Fully 20 percent of U.S. adults become rich for parts of their lives, wielding outsized influence on America’s economy and politics. And this little-known group may pose the biggest barrier to reducing the nation’s income inequality. While the growing numbers of the U.S. poor have been well documented, survey data provided exclusively to The Associated Press detail the flip side of the record income gap: the rise of the “new rich.”

The report itself notes that

The new rich have household income of $250,000 or more at some point during their working lives, putting them — if sometimes temporarily — in the top 2 percent of earners….

The new research suggests that affluent Americans are more numerous than government data depict, encompassing 21 percent of working-age adults for at least a year by the time they turn 60. That proportion has more than doubled since 1979.

Even outside periods of unusual wealth, members of this group generally hover in the $100,000-plus income range, keeping them in the top 20 percent of earners.

At the same time, an increasing polarization of low-wage work and high-skill jobs has left middle-income careers depleted.

If I’m reading this report correctly (and if the reporter has interpreted the data correctly), fully 20 percent of Americans are, for some portion of their working lives, in the top two percent of income earners in America.  This fact strikes me as strong evidence against the proposition that Americans are not very economically mobile.

Four other things to note.  First, note the kinds of people who are most likely to be among the “new rich”: they’re married and educated.

Second, note some of the strange conclusions drawn by the reporter (and the caption writer).  For example, in the caption we read that the success of the “new rich” makes them “the biggest barrier to reducing the nation’s income inequality.”  This claim refers to the fact that the “new rich” are less likely than are many other groups to support massive government schemes of ‘redistribution.’  But, my gosh, these people (the “new rich”) are themselves, each and everyone of them, personally working at – and succeeding at – reducing income inequality.  They work hard and are responsible; therefore, they enjoy larger monetary rewards than they’d get were they less hard-working and less responsible.  Through their personal efforts and responsible behaviors they reduce the differences that separate the sizes of their incomes from those of the super-rich.  Far from being the biggest barrier to reducing the nation’s income inequality, such people are proving that income inequality is neither as great nor as insurmountable and stifling as “Progressives” would have us think.
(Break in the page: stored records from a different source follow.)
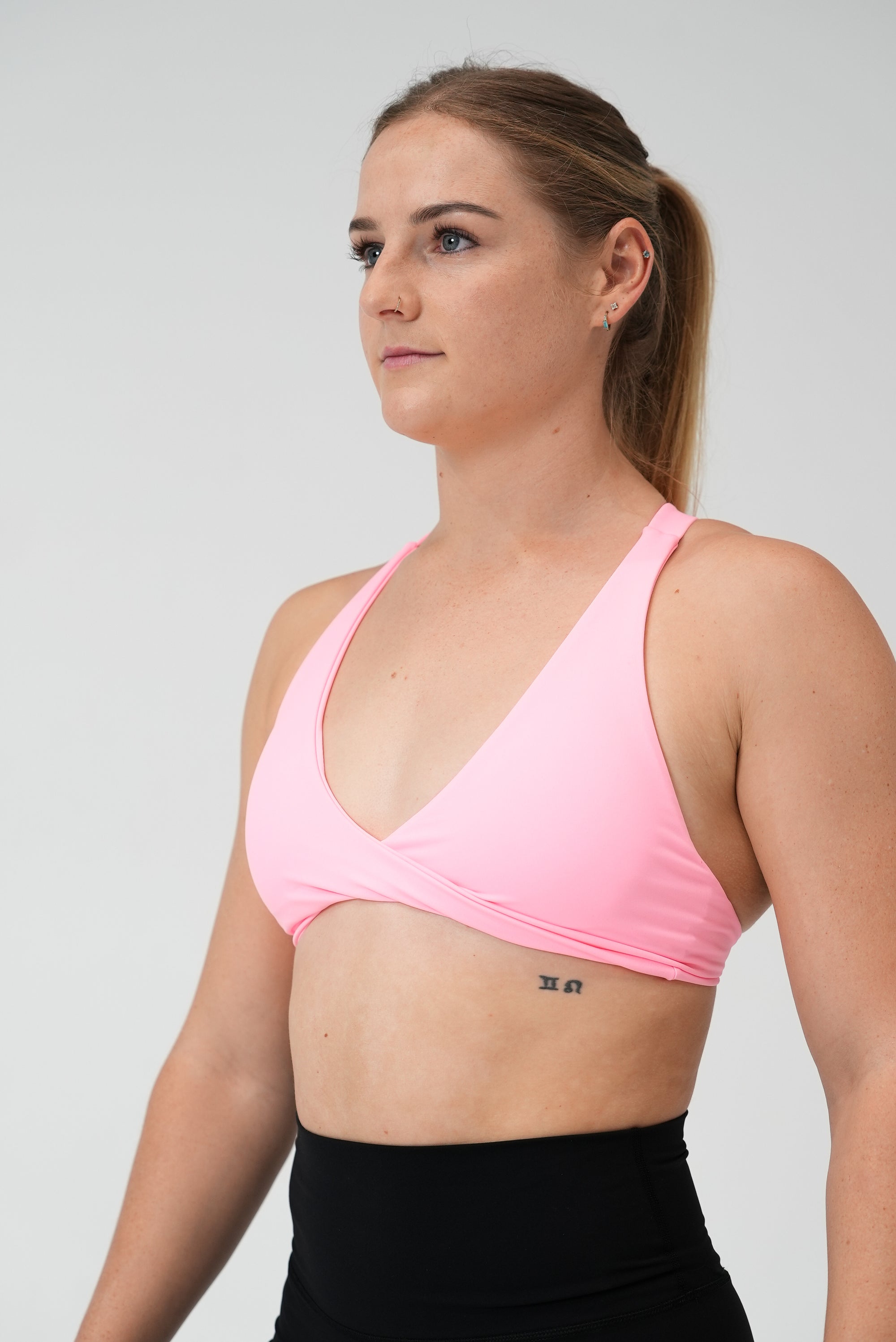 Emily Bra
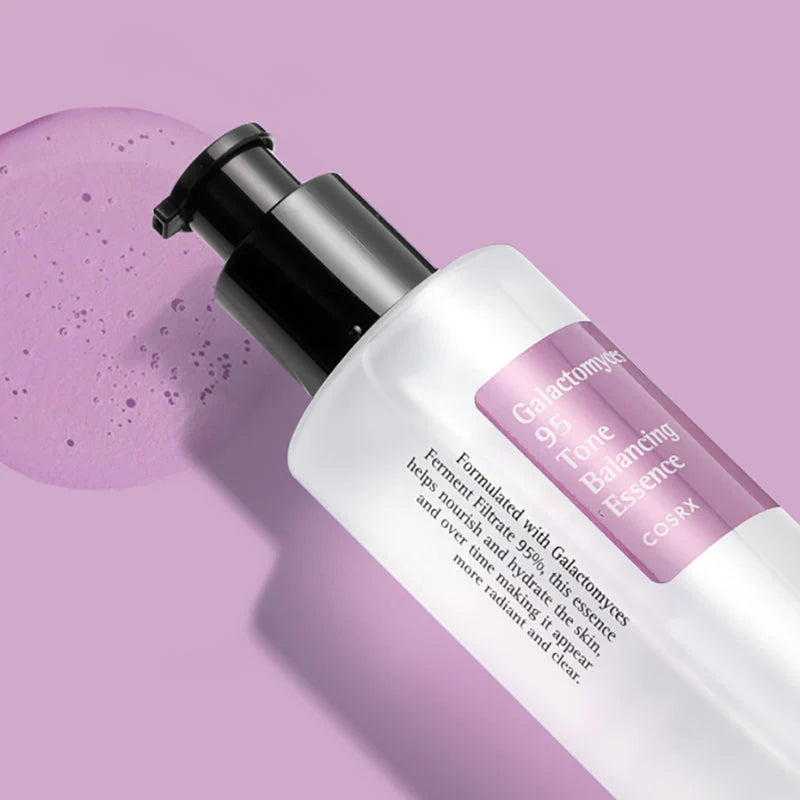 COSRX - Galactomyces 95 Tone Balancing Essence - MY Little Corée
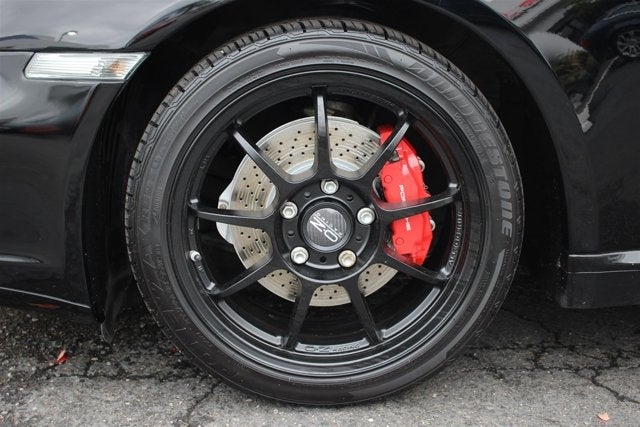 2006 Porsche Cayman S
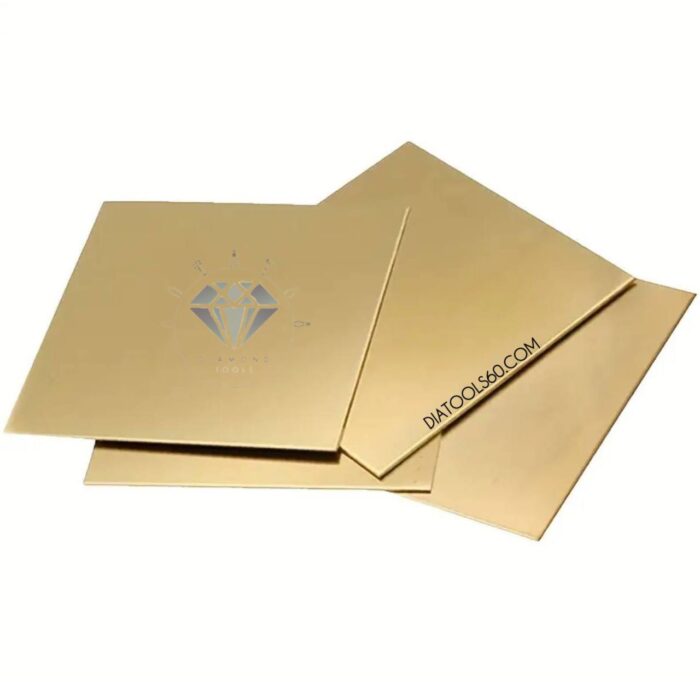 صفحه برنجی (باهنر) - Image 2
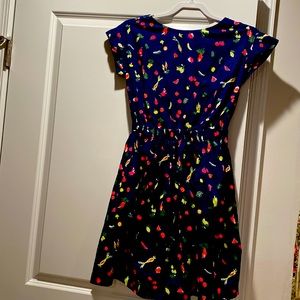 J.Crew dress brand new size 14 dress.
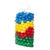 Kit Piscina de Bolinhas 1,50m + 500 Bolinhas + Escorregador Grande - Rotoplay | Brinquedos Playground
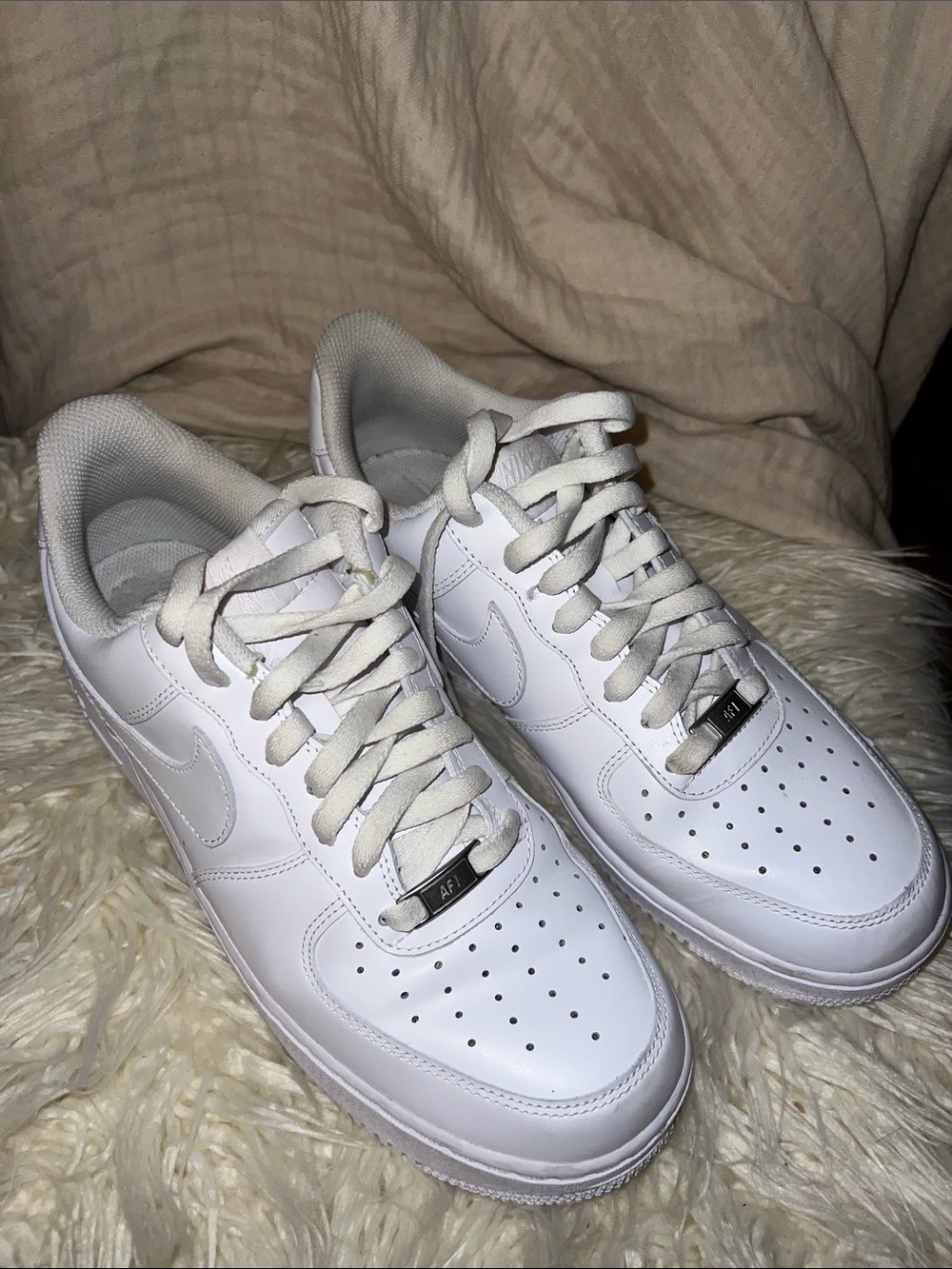 Nike Air Force 1
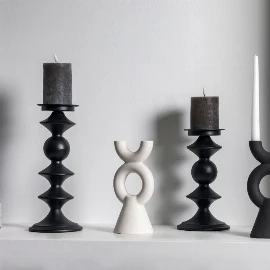 Stutton Column Holder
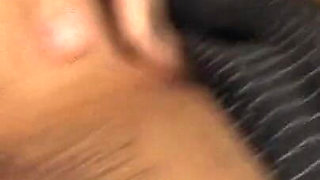 Insatiable 20yo Asian Slut Craves Her Tight Ass Stuffed Hard by Massive Cock!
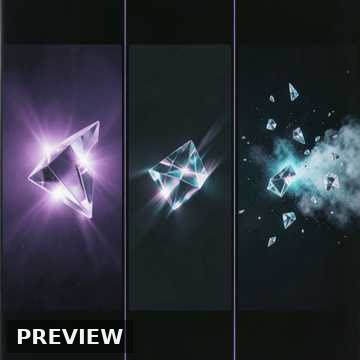Energetic Pop Track · Preview cover
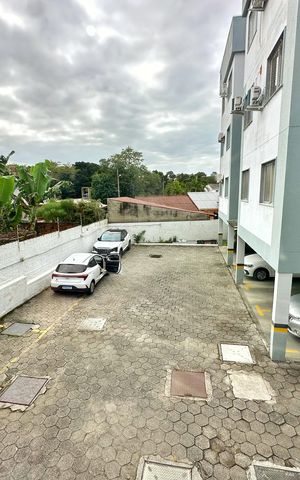 Apartamento para alugar com 50m², 2 quartos e 1 vaga Apartamento para alugar com 50m², 2 quartos e 1 vagaVista Quarto 1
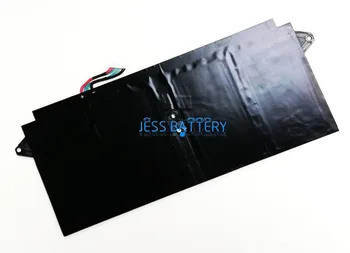 tops 35Wh News Laptop Battery for Acer Aspire S7 Ultrabook S7-391 AP12F3J 2ICP3/65/114-2
tops 35Wh News Laptop Battery for Acer Aspire S7 Ultrabook S7-391 AP12F3J 2ICP3/65/114-2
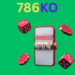 786KO Game new online earning app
Third, the last sentence quoted above from the report is (albeit unintentionally), taken in the context of the whole report, further evidence that, if the middle-class in America is disappearing, it’s chiefly because more and more Americans are becoming rich [3].  By “hollowing out” the middle (as conventionally classified), the economic distance between “the poor” and “the (greater numbers of) rich” might appear to be larger, if only because many once-middle-income Americans are now rich Americans.  But surely such “hollowing out” is to be celebrated rather than lamented.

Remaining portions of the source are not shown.